**WHAT THE TASK ASKS:**
Write down the lines exactly as they appear, from the one that contains "Ivory White Pontiac" through the final line of the records, so that both ends are kept and no pictures come along.

**GIVEN INFORMATION:**
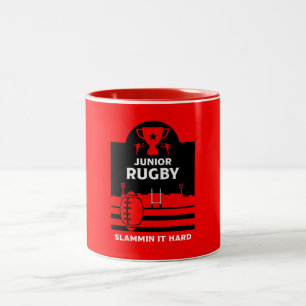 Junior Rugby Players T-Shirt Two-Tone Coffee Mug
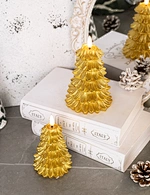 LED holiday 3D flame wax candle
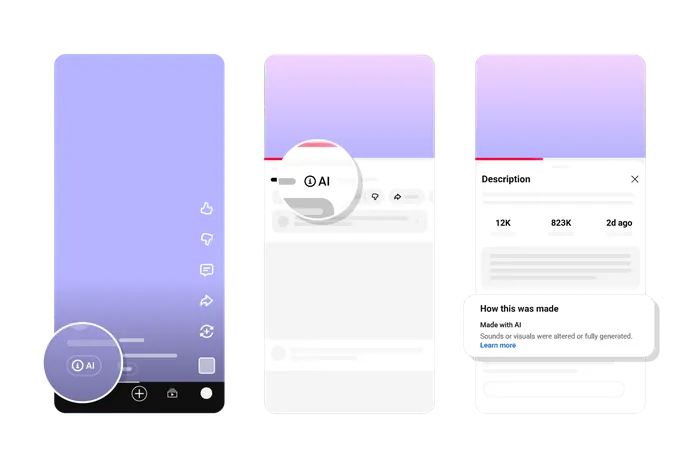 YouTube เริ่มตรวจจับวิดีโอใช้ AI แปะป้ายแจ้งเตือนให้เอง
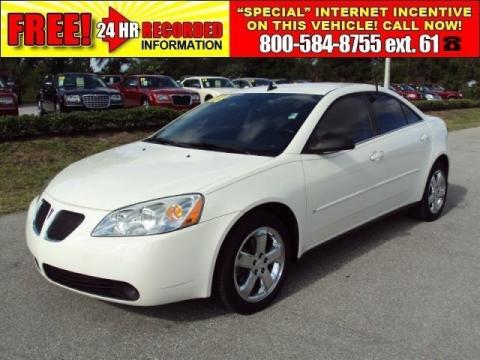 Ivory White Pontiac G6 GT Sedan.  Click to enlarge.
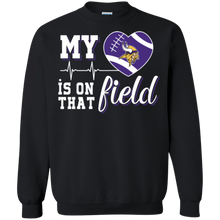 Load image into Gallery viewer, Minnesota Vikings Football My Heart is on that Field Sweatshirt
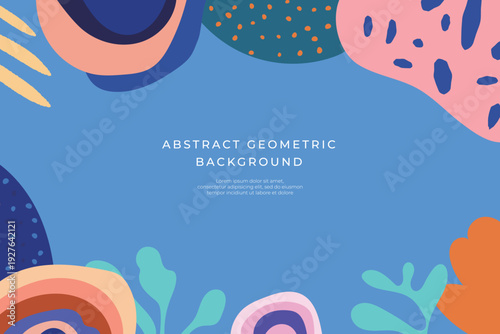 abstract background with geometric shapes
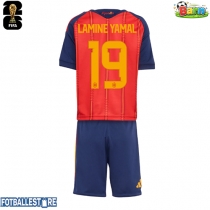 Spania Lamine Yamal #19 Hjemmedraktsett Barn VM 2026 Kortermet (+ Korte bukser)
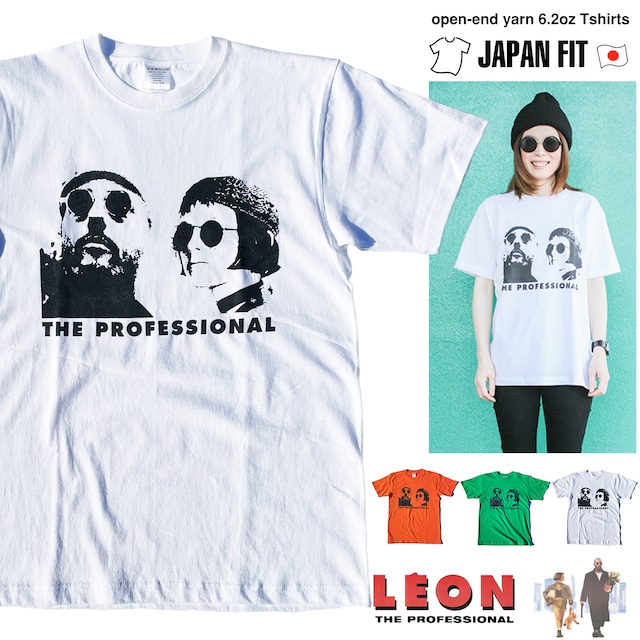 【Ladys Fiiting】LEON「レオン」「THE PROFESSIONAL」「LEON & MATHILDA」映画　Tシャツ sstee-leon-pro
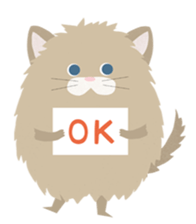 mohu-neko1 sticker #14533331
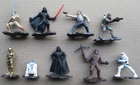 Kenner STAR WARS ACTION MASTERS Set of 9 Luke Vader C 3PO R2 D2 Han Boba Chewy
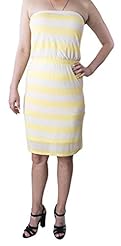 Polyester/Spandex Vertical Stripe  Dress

**TASK SOLUTION:**
 Ivory White Pontiac G6 GT Sedan.  Click to enlarge.
 Load image into Gallery viewer, Minnesota Vikings Football My Heart is on that Field Sweatshirt
 abstract background with geometric shapes
 Spania Lamine Yamal #19 Hjemmedraktsett Barn VM 2026 Kortermet (+ Korte bukser)
 【Ladys Fiiting】LEON「レオン」「THE PROFESSIONAL」「LEON & MATHILDA」映画　Tシャツ sstee-leon-pro
 mohu-neko1 sticker #14533331
 Kenner STAR WARS ACTION MASTERS Set of 9 Luke Vader C 3PO R2 D2 Han Boba Chewy
 Polyester/Spandex Vertical Stripe  Dress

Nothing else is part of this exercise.